Former US Army Captain and MRI athlete Kyle Clarke sits down with Fitness Rx For Men to discuss his training philosophy, tips for hard gainers, his favorite mass-building exercises and more.
NAME Kyle Clarke
How did you get started training?
From the time I was four years old my dad had me playing baseball, soccer and basketball year round. And I was the smallest guy on the team. It’s no fun when you’re one, the coach’s son and two, the smallest guy on the team. I always looked at the [fitness] magazine covers and saw that the guys in the best shape were the ones that were doing well in their sports.
When I was a sophomore in high school a guy from church took me to the gym with him, he took me through a back and biceps routine and that was it for me. From then on out I was in the gym three to five days a week unless I had an injury or was on vacation.
So you were the definition of a hard gainer.
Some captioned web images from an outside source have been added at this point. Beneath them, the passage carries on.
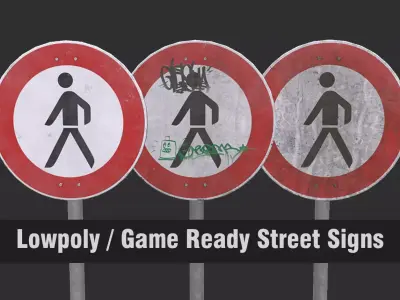 Lowpoly CITY TRAFFIC STREET SIGN No Passenger VR AR Games 3D Low-poly 3D model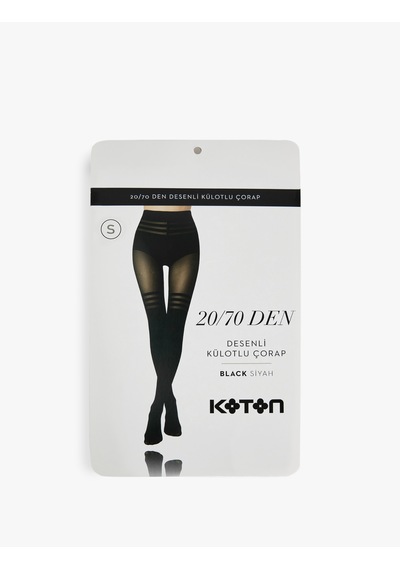 Koton 20/70 Den Desenli Külotlu Çorap Siyah 6wak80962aa Siyah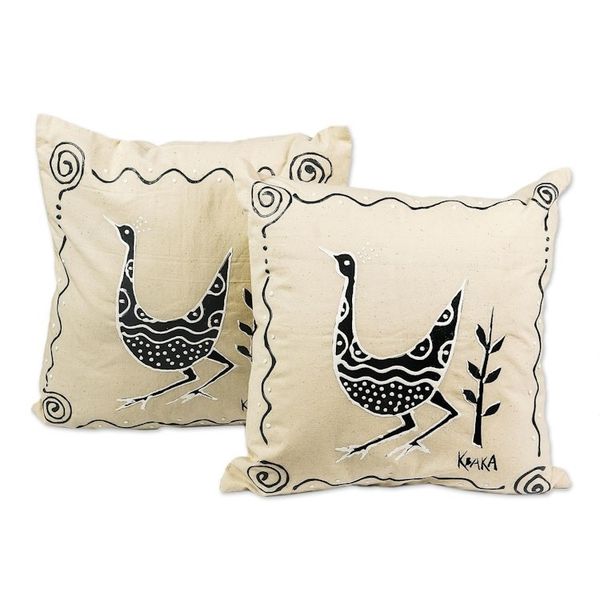 Alternate image for Hand-Painted Calico Cotton Cushion Covers Pair Strutting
I’m still a hard gainer. For me to tip the scale at 190 would be close to impossible, takes all I got to stay at 185. I don’t want to lose my abs, I want to stay shredded. So I’m not just going to eat bad foods. But to eat so many good foods, it takes a lot of eating just to maintain my weight. I have a lot more cheat meals than most people would but it just because I know my body needs them. My body burns so many calories a day.
How lean do you stay throughout the year?
I can stay at 5 or 6 [percent body fat] and be happy. My muscles are thick enough now so if I’m 5 or 6 and I dehydrate, I feel like I’m 3. But when I’m at 3 percent, I’m just miserable. I think everybody is. I don’t go any higher than 7.5. I don’t store body fat very easily, I just lose size very quickly.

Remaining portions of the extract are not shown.